Recuerdo la biblioteca de Don Ignacio Quezada, uno de los sastres más conocidos del puerto de Chimbote que pocos años después del boom de la pesca, cuando yo era niño, tenía un taller de reparaciones y composturas de prendas, frente al Mercado Modelo, donde trabajaba mi madre como diseñadora; ahora al cabo de muchos años estoy seguro que esa biblioteca suya con cristales solo existió para que yo husmeara con manos ávidas aquellas ediciones, pues sus varios hijos ni siquiera sabían de la existencia de los títulos, ahí revisé por primera vez esa colección ya perdida de losDocumentales del Perú, y literalmente viajaba por mi país merced a esos tomos.
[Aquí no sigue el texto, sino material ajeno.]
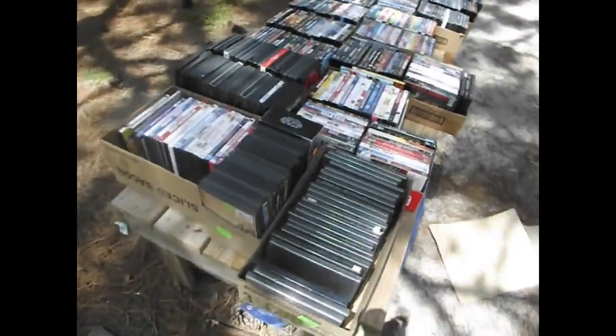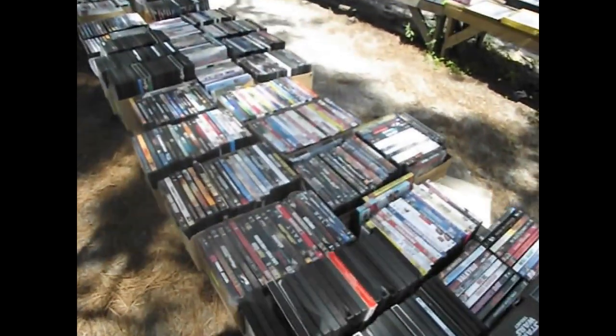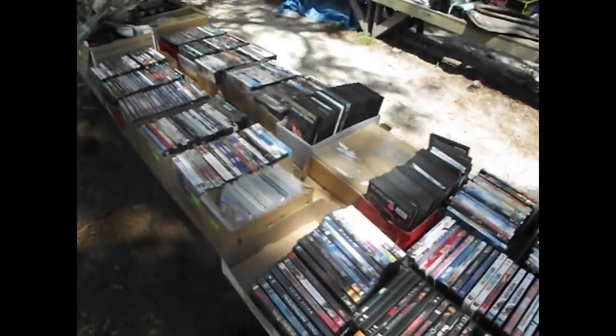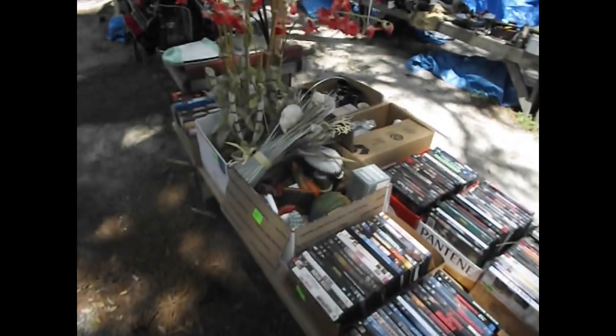The video guy's been back right here — we've got videos, I don't know, 300 to 400 of them anyway. Looks like they're in groups of about 20, so we've got box after box of that. A lot of different things, including Lord of the Rings — looks to be a complete series.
Ese ejemplar infantil a todo color que me regaló mi madre, también me despertó a la literatura, tal vez lo presté o fue destruido, en su momento recuerdo haberlo reparado de manera muy cuidadosa, pero no sé cómo un día desapareció de mi vida, y como todo lo valioso que se pierde en la existencia, ese texto cuenta entre esas carencias irreparables. Solo quizás en la búsqueda de ese primer deleite esté el secreto de mi escritura, el hecho de haberme dado con decenas, centenares, miles de obras de toda índole en mi devenir, y hoy al cabo de algunos años –ayudado de mi buen amigo Feliciano–, al menos un gran número de libros dejaré en las bancas de cualquier parque del centro de la ciudad de Lima, como quien deja un corazón de manzana.
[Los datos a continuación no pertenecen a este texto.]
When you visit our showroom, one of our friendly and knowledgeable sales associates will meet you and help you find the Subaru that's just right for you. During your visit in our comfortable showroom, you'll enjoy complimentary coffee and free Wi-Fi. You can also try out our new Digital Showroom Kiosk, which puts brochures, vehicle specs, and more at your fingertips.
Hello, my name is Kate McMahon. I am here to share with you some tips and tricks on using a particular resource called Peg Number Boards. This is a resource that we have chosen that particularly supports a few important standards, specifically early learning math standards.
No se me culpará, alguna vez regalé unos cuantos a una universidad de mi pueblo natal, pero al volver a él, frecuenté la casa de estudios, busqué en los ficheros de su única biblioteca y no los encontré, así que como el clérigo Pero Pérez y el maese Nocilás, barbero y amigo de don Alonso Quijano, en El Ingenioso hidalgo Don Quijote de la Mancha me he dado esta mañana a seleccionar los textos que debo retener y esos otros que debo echar a la hoguera del olvido, ahí se van los que alguna vez me entusiasmaron, y a pesar de que sé que no se debe prestar o regalar un libro rayado o subrayado, con apuntes al borde, estos ya no son conmigo. Ha habido una suerte de divorcio irreconciliable, esa literatura prescindible por la cual uno tiene que pasar irremediablemente en el transcurso de la vida. Hombre que no cambia de coches, mujeres, joyas y libros será un hombre rutinario. Y como el cura de la Mancha me digo: “Encomendados sean a Satanás y a Barrabás tales libros, que así han echado a perder el más delicado entendimiento”, sintiéndome qué duda cabe –siguiendo la recomendación del buen conocedor que es mi amigo Feliciano Centeno–, y con razón, un aniquilador de libros. Gracias, Feliciano".